Chandru wrote:
The machine is a ppc64 box with a RHEL5.1 based SMP kernel. nr_cpus
is
equal to '2' in get_idle_threads() , but the system actually has 14 cpus
and 12 of them were offline when a vmcore was collected. The
kt->__per_cpu_offset[12 & 13 ] have per cpu offset values where as
kt->__per_cpu_offset[0 to 11] = 0. I changed kt->__per_cpu_offset[i]
in ppc64_paca_init() to kt->__per_cpu_offset[cpus] and that started
crash. But backtrace 'bt' exited with segmentation fault . Looking
further the code in get_netdump_regs_ppc64()
if (nd->num_prstatus_notes > 1)
{
note = (Elf64_Nhdr *)
nd->nt_prstatus_percpu[bt->tc->processor];
}
had bt->tc->processor as '12'. I changed it to '0' and that gave
the
backtrace.
Regards,
Chandru
Chandru,
I can reproduce the "idle-task" initialization-time failure on a
4-cpu ppc64 by offlining cpus 0 and 1. That can be fixed fairly trivially
in ppc64_paca_init() by checking the cpu_present_map instead of the
cpu_online_map.
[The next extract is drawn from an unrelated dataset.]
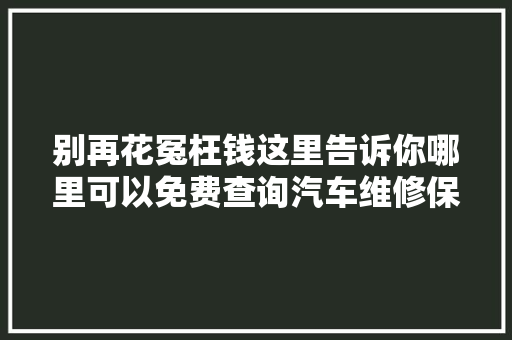 别再花冤枉钱这里告诉你哪里可以免费查询汽车维修保养记录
So this hack should get you to a prompt:
# diff ppc64.c.orig ppc64.c
2400c2400
< readmem(symbol_value("cpu_online_map"), KVADDR,
&cpu_online_map[0],
---
readmem(symbol_value("cpu_present_map"), KVADDR,
&cpu_online_map[0],
#
With respect to the "bt" failure, that will take a bit of tinkering.
When kdump collects NT_PRSTATUS segments, it only does it for
online cpus. So in your case, there would be 2 NT_PRSTATUS notes,
one each for cpu 12 and cpu 13. That being the case, get_netdump_regs_ppc64()
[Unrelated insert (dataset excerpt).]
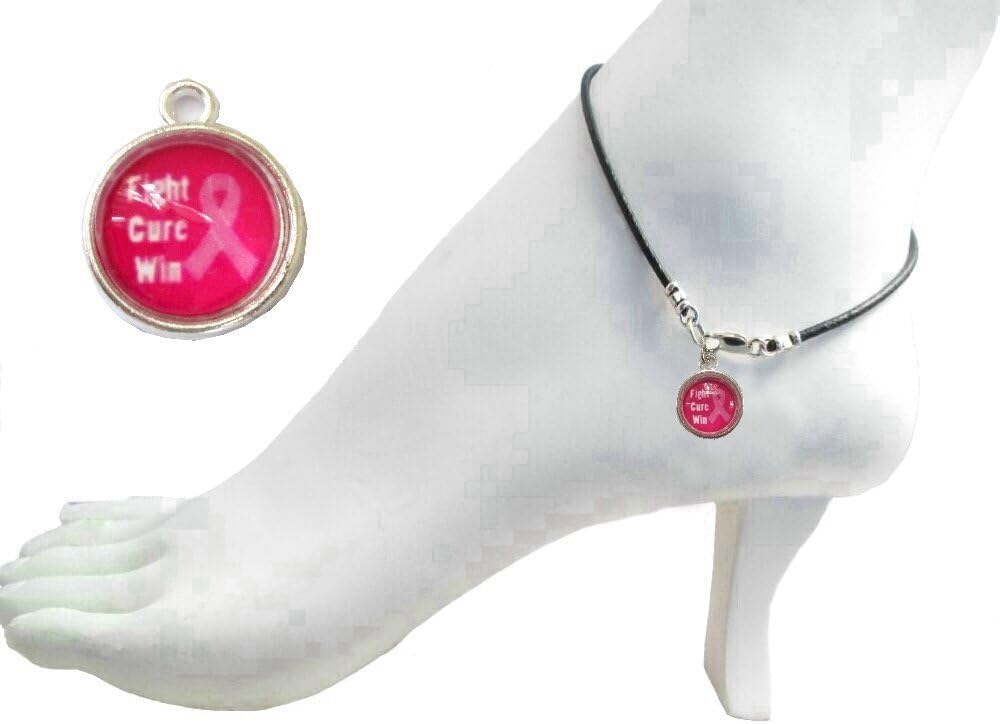 Black Leather 9" Anklet with 10mm Round Breast Cancer Awareness Fight Cure Win Glass Cabochon Charm ~ Sterling Silver Clasp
would have to be modified to pick the proper one, given that the
processor number will be 12 or 13, and that would have to mapped
to the associated "online index" of NT_PRSTATUS notes. That could
get ugly. There is an elf_prstatus.ppid field that could be matched
against the incoming "bt" task pid, although there could be multiple
pid 0's, so that probably is not the best answer. I'm not sure
what is the best way to go here.
So again, I prefer not to tinker with the ppc64-specific code base
in crash, and have always deferred it back to the author (haren).
If he is not available, can you find out who in IBM is the proper
person to run this by?
Thanks,
Dave